Miro a mi alrededor y, como es costumbre, muchos otros guatemaltecos han pensado lo mismo que yo: un inusual tráfico se desplaza por las calles aledañas y convierte el estacionamiento en el primer problema. Intento estacionarme en uno de los pocos lugares disponibles e inmediatamente surge de la nada alguien que reclama Q20.00 para permitirme dejar mi carro en tal lugar. Intento razonar con la persona respecto a que el precio es exagerado para la media hora que planeo estar allí. La respuesta es tajante: «Le va a salir más caro si le rompen un vidrio o le roban el radio». He aprendido que es imposible razonar con aquellos que se adueñan de los recursos públicos y finalmente termino cediendo.
Durante muchos años he reflexionado sobre esa perversa situación en la que el abuso en el ejercicio del poder es una característica central de nuestra cotidianidad: la violencia se aprende desde que se nace en sociedades tan desiguales como la nuestra y se reproduce en cada una de las esquinas de nuestra vida diaria: allí está, por ejemplo, mi vecino que, como tiene guardaespaldas, se permite dejar sus carros donde le venga en gana, pues nadie se atreve a decirle que dificulta el paso de todos los demás. En la misma colonia, el parque que debería ser comunal ha sido tomado por los vecinos más cercanos, quienes, armados de cadenas y candados, deciden unilateralmente quién entra y quién no.
Al regresar a casa me fijo en quiénes conducen en contra de la vía o se cruzan el semáforo en rojo con tal de tomar ventaja de todos aquellos que van respetando las vías y las señales de tránsito. Y si por alguna razón me ofusco e intento llamar la atención de los infractores de las reglas, mi esposa inmediatamente me recuerda que debo calmarme porque en esta ciudad no se sabe quién va armado y quién no: no vaya a ser que, por reclamar, algún prepotente nos amenace con un arma.
Lamentablemente, nuestra sociedad reproduce la violencia de mil y una formas en el diario vivir, de modo que muchas personas han aprendido que ante la injusticia es mejor agachar la cabeza y mirar para otro lado. Las pocas veces que he reclamado mis derechos, la respuesta de todos los demás es de un silencio cómplice. Hasta pareciera que el desfasado es el que reclama. «Qué clavero», se nota que piensan los pocos que se atreven a verme de frente.
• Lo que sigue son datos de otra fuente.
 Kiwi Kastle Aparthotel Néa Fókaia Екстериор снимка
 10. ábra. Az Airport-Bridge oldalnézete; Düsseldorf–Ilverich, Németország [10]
Y el resultado es que no pasa nada: el abusivo se sale con la suya y todos los demás siguen impasibles en sus propios problemas.
Por eso Johan Galtung decía que el origen de muchas violencias directas eran todas esas violencias indirectas que sistemáticamente reproducen el código de la indiferencia ante el dolor y de la insolidaridad, que hace tanto o más daño que la violencia física.
Cambiar este país es indudablemente una tarea titánica, pero, cada vez que me desanimo ante la magnitud de los problemas, recuerdo la semilla que nació a raíz de las movilizaciones del año pasado: hoy germina en un movimiento estudiantil para recuperar la AEU en la Universidad de San Carlos, ¡pero mañana podría significar el inicio de un futuro mejor!
¡Mientras haya vida y entusiasmo habrá esperanza!